● Task
Every record should be copied exactly, and the images omitted.

(Stored dataset items)
------------------------------------
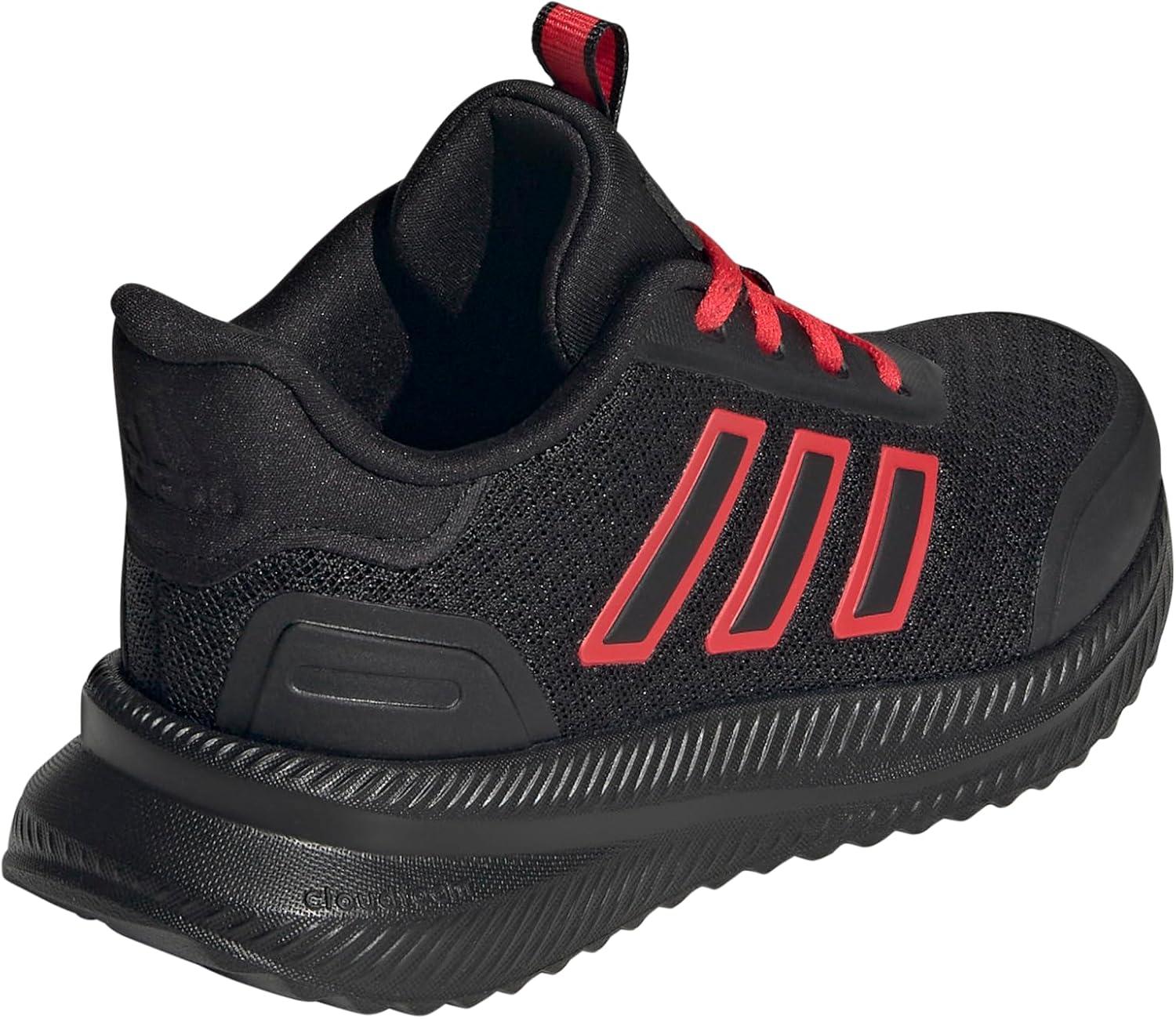 imageadidas Kids XPLR Path Elastic Lace ampamp Strap ShoesBlackPure RubyBlack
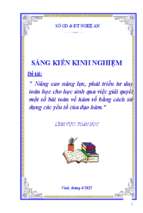 Skkn nâng cao năng lực, phát triển tư duy toán học cho học sinh qua việc giải quyết một số bài toán về hàm số bằng cách sử dụng các yếu tố của đạo hàm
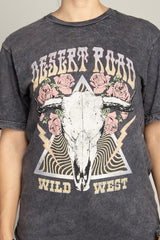 Desert Road Wild West Graphic T Shirt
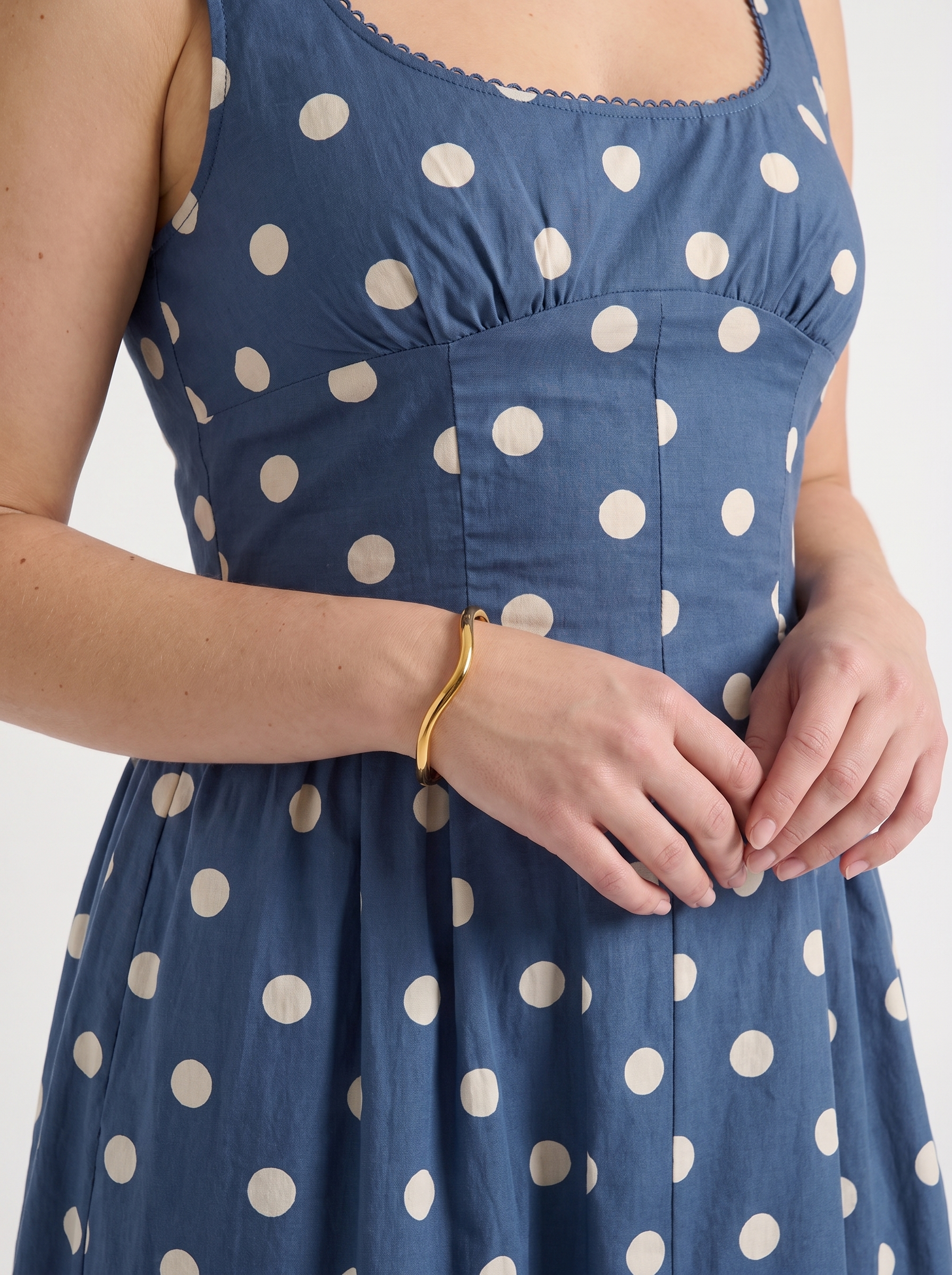 Delilah Midikleid mit Blumenmuster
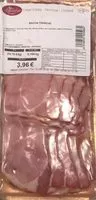 Mängden socker i Bacon Tranché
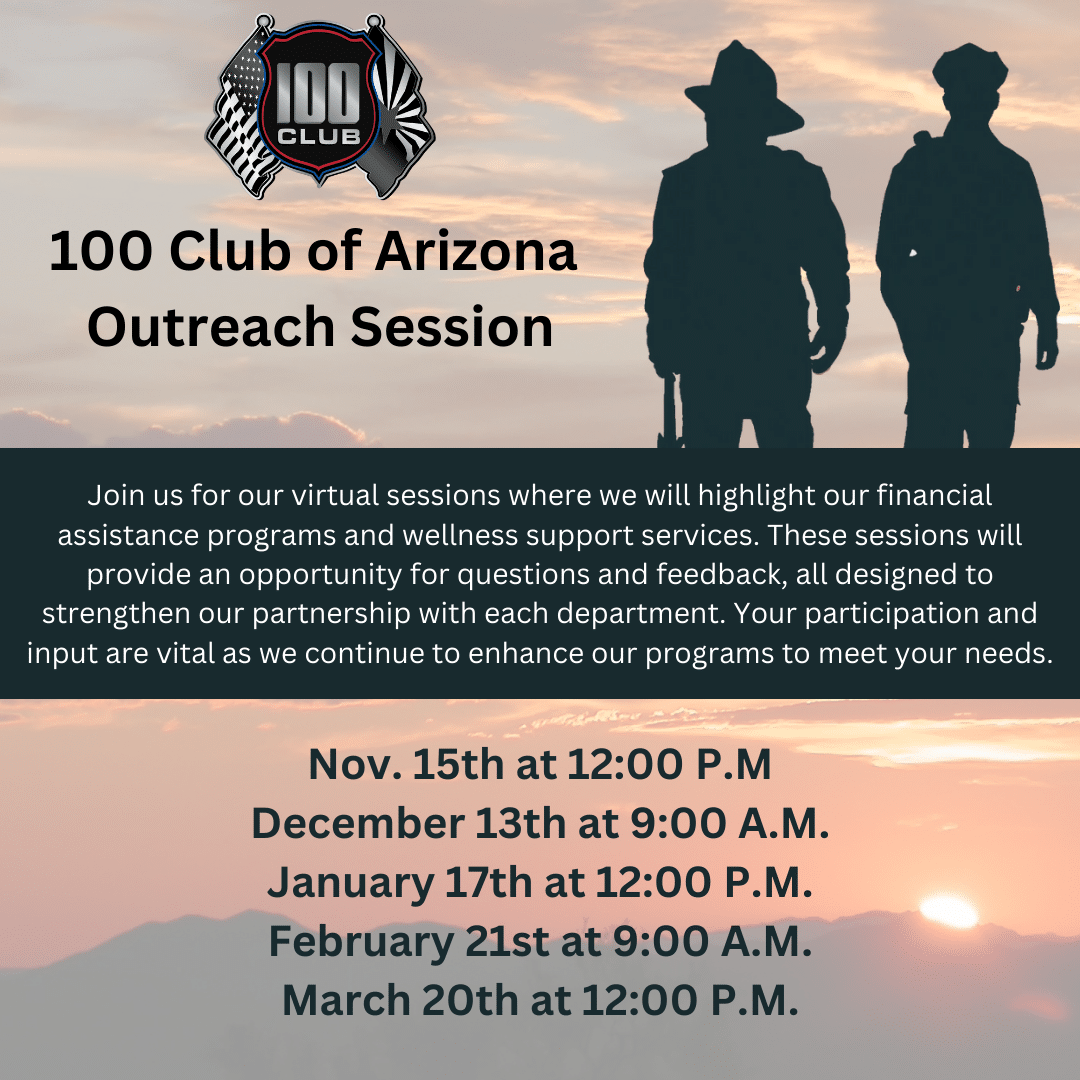 100 Club Of Arizona Outreach Session (3)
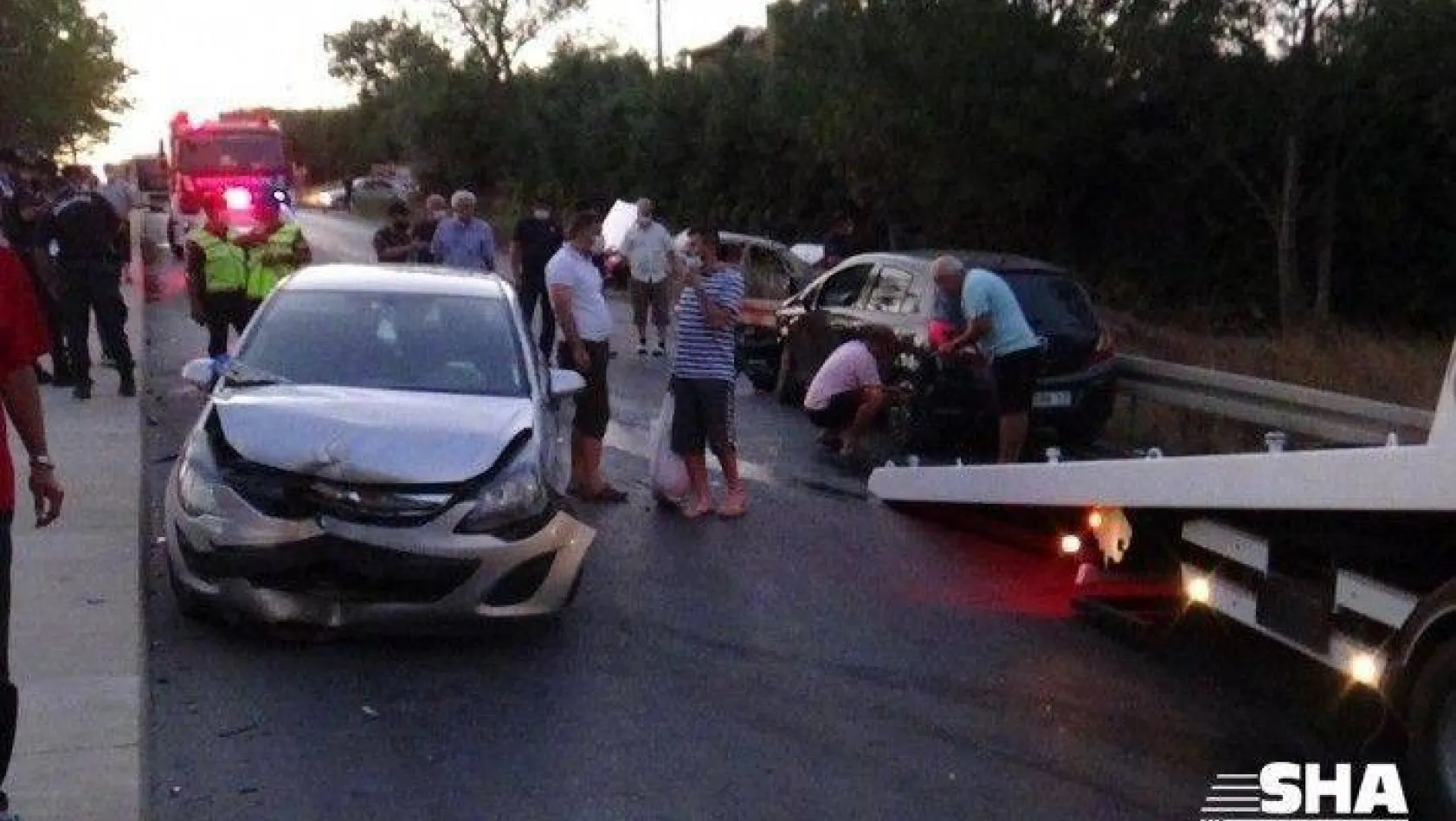 Silivri'de zincirleme trafik kazası: 18 yaralı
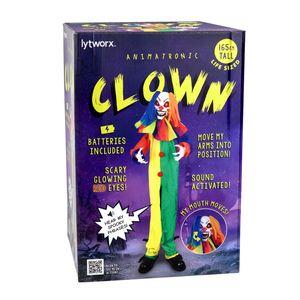 Lytworx 1.65m Battery Operated Clown Animatronic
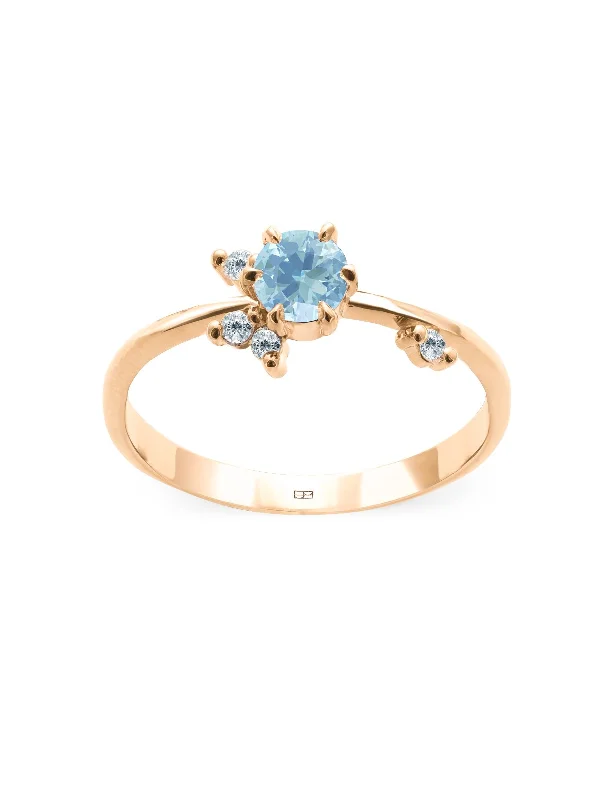 Holiday Jewelry Sale – Perfect Gifts At Great Prices Your Way N°8 18K Gold Ring w. Topaz & Diamonds Holiday Jewelry Sale – Perfect Gifts At Great Prices Your Way N°8 18K Gold Ring w. Topaz & Diamonds
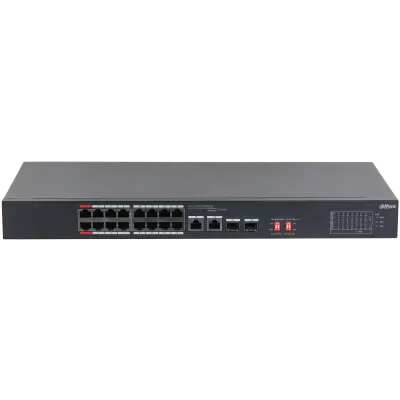 DAHUA 16port PoE 135w 2-SFP 2-Uplink Yönetilemez Switch S3218-16ET-135 alternatif görünüm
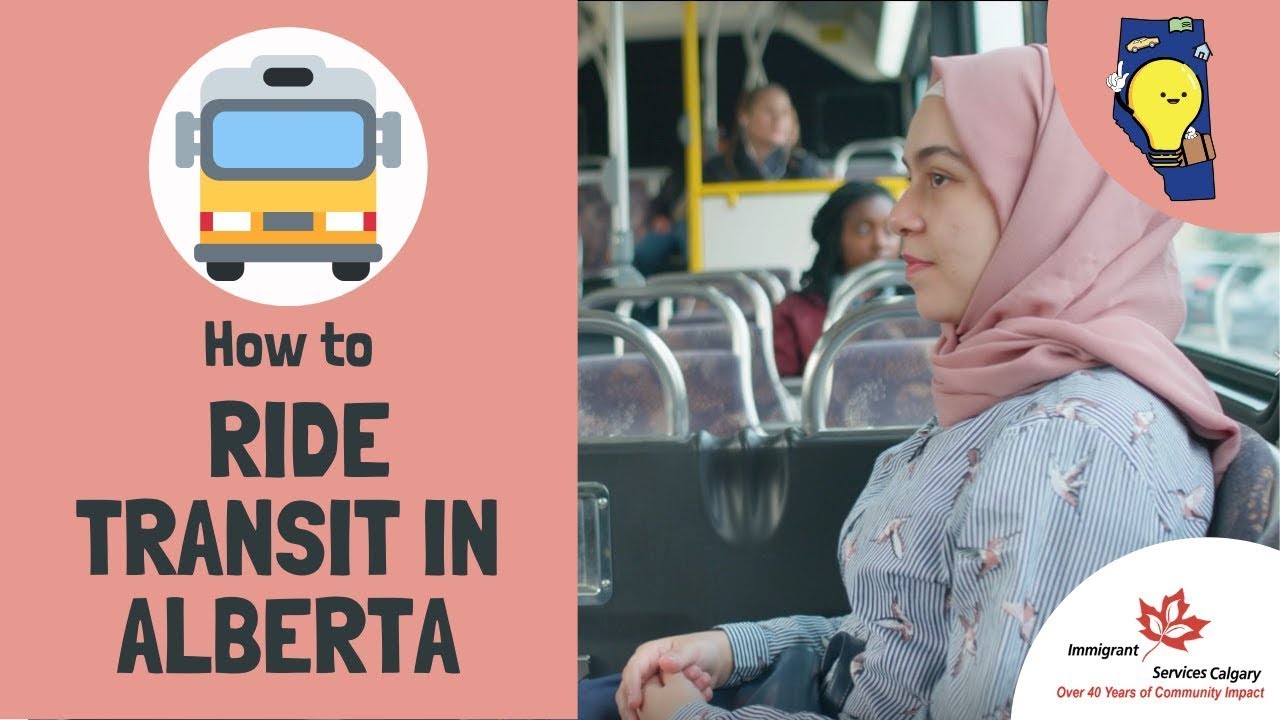 How to Ride Transit in Alberta with English Subtitles
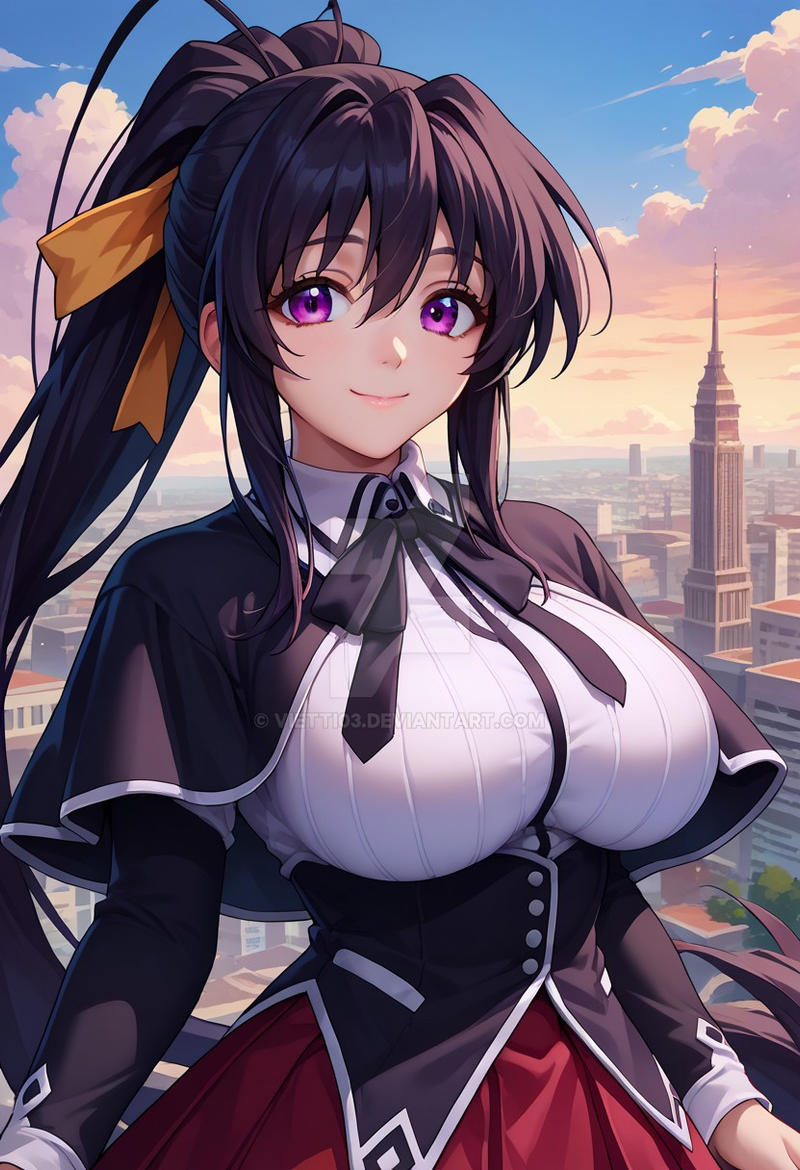 Deviantart Akeno Akeno Himejima (High School DxD) by vietti03 on DeviantArt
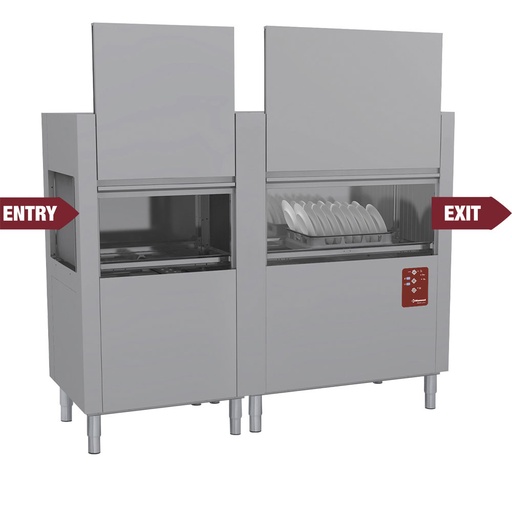 [13144] D160E/7-230/3- Lave-vaisselle à traction de paniers 200Pan/H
------------------------------------
● Result of the exercise
 imageadidas Kids XPLR Path Elastic Lace ampamp Strap ShoesBlackPure RubyBlack
 Skkn nâng cao năng lực, phát triển tư duy toán học cho học sinh qua việc giải quyết một số bài toán về hàm số bằng cách sử dụng các yếu tố của đạo hàm
 Desert Road Wild West Graphic T Shirt
 Delilah Midikleid mit Blumenmuster
 Mängden socker i Bacon Tranché
 100 Club Of Arizona Outreach Session (3)
 Silivri'de zincirleme trafik kazası: 18 yaralı
 Lytworx 1.65m Battery Operated Clown Animatronic
 Holiday Jewelry Sale – Perfect Gifts At Great Prices Your Way N°8 18K Gold Ring w. Topaz & Diamonds Holiday Jewelry Sale – Perfect Gifts At Great Prices Your Way N°8 18K Gold Ring w. Topaz & Diamonds
 DAHUA 16port PoE 135w 2-SFP 2-Uplink Yönetilemez Switch S3218-16ET-135 alternatif görünüm
 How to Ride Transit in Alberta with English Subtitles
 Deviantart Akeno Akeno Himejima (High School DxD) by vietti03 on DeviantArt
 [13144] D160E/7-230/3- Lave-vaisselle à traction de paniers 200Pan/H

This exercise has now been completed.